▶ Description of the task
All of the data, except its images, should be set down exactly as it appears.

▶ Supplied information

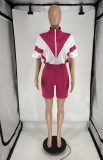 Short Sleeve Contrast Color Sport Shorts Suit FOSF-8806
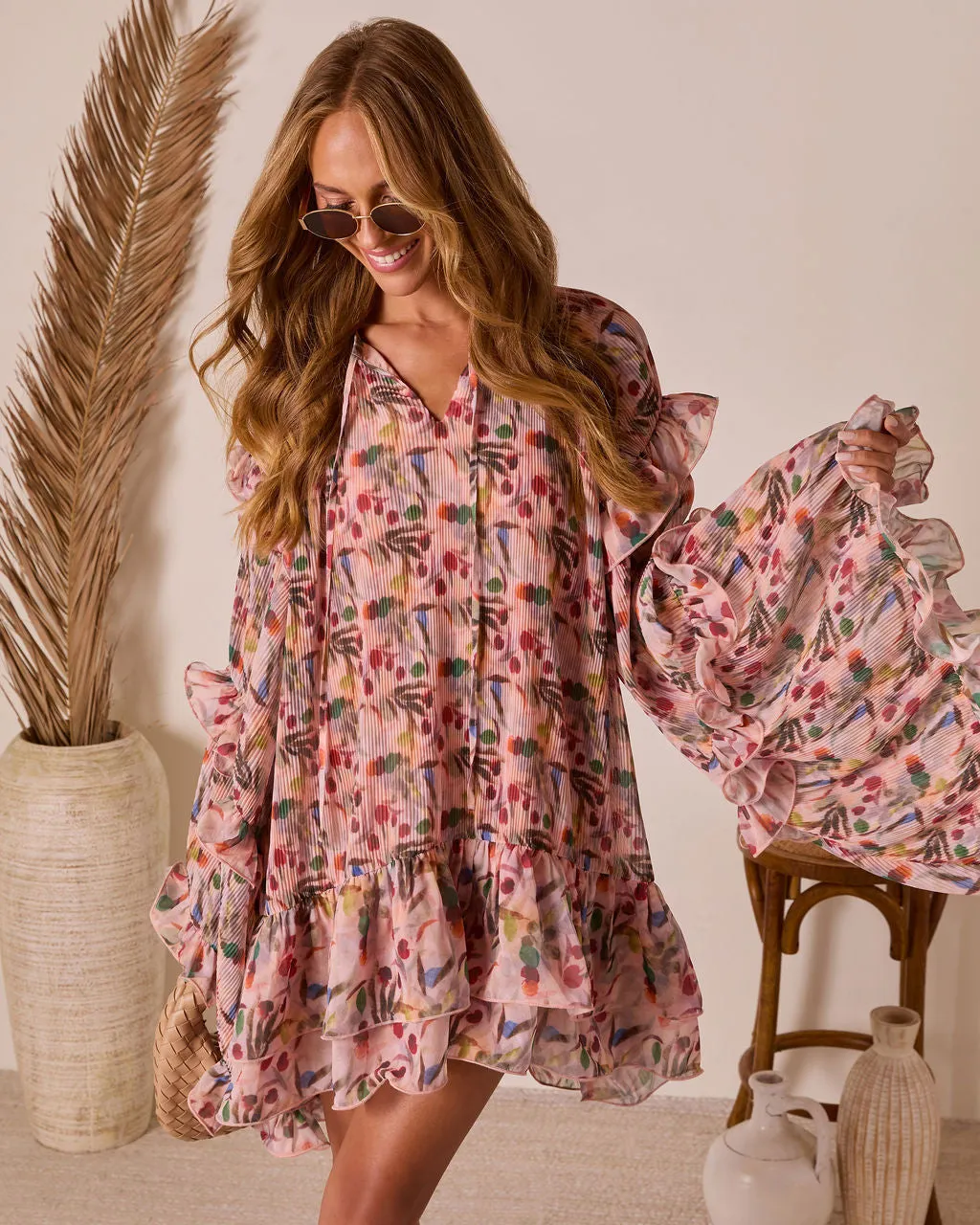 Melodic Ruffle Mini Dress sold by Vici product image thumbnail 3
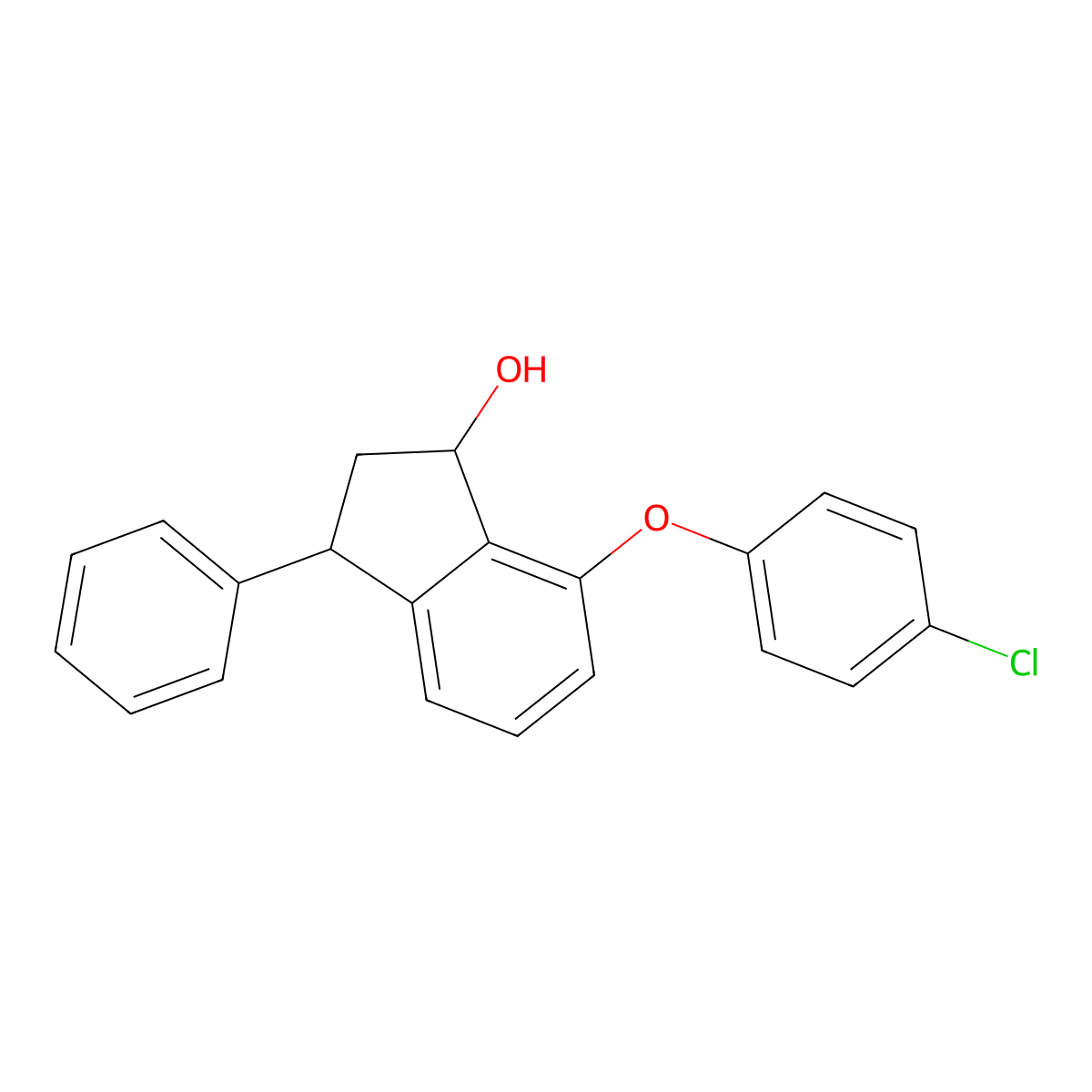 7-(4-chlorophenoxy)-3-phenyl-2,3-dihydro-1H-inden-1-ol molecular structure, CAS 337921-73-0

▶ Response to the task
 Short Sleeve Contrast Color Sport Shorts Suit FOSF-8806
 Melodic Ruffle Mini Dress sold by Vici product image thumbnail 3
 7-(4-chlorophenoxy)-3-phenyl-2,3-dihydro-1H-inden-1-ol molecular structure, CAS 337921-73-0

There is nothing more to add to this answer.